OpenAI CEO Sam Altman Sounds Alarm on Superintelligence, Calls for IAEA-Style Global AI Body
He emphasizes that AI could surpass human capabilities in business, research, and innovation, but must be guided by collective societal responsibility.
OpenAI CEO Sam Altman warns of a superintelligence tipping point at the India AI Summit, urging global coordination for AI governance.
He emphasizes that AI could surpass human capabilities in business, research, and innovation, but must be guided by collective societal responsibility.
Altman calls for an international body akin to the IAEA to oversee AI safely.
The recent keynote talk by Sam Altman, CEO of OpenAI, occurred at the India AI Impact Summit (also called AI Impact Summit or India AI Summit) in New Delhi on February 19, 2026.
In his address, Altman delivered a stark warning about the rapid acceleration toward superintelligence, describing it as potentially arriving in the near term and posing a “governance emergency.”
He predicted that early versions of true superintelligence could emerge in just a couple of years, with more of the world’s intellectual capacity residing in data centers than in humans by the end of 2028. Such systems would outperform human CEOs in running major companies and top scientists in original research, representing a profound shift where AI could enable breakthroughs but also risks like designing new pathogens or enabling centralized power concentration.
Key quotes and points from the talk include:
- “On our current trajectory, we believe we may be only a couple of years away from early versions of true superintelligence.”
- “By the end of 2028, more of the world’s intellectual capacity could reside inside data centers than outside of them.”
- Advanced AI could lead to scenarios where “a single AI company could control more wealth than entire governments” or enable catastrophic misuse, but he stressed democratization of AI as “the only fair and safe path forward” to avoid monopoly risks and ensure broad human flourishing.
- Altman urged urgent global regulation and international coordination, proposing an international body modeled on the International Atomic Energy Agency (IAEA) — the UN’s nuclear watchdog — to oversee AI development, set safety standards, coordinate across borders, and “rapidly respond to changing circumstances.”
- He emphasized safeguards against risks (e.g., biosecurity threats from advanced models), while expressing confidence in humanity’s adaptability to job displacement and economic changes.
- Altman praised India’s progress in AI adoption (noting over 100 million ChatGPT users there) and highlighted the country’s potential to lead in responsible deployment.

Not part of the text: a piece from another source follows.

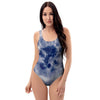 Spiral Blue Swirl Tie Die One Piece Swimsuite-grizzshop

The speech aligned with broader summit themes, including calls from other figures (e.g., UN Secretary-General António Guterres) for inclusive global AI governance beyond a few countries or companies. It drew significant online attention, with reactions ranging from alarm over compressed timelines to criticism of OpenAI’s past lobbying against certain regulations, and praise for pushing proactive oversight.
Overall, Altman’s remarks underscored OpenAI’s view of superintelligence as imminent, transformative, and requiring unprecedented international structures to manage its upside (e.g., scientific and economic gains) while mitigating downsides amid accelerating progress.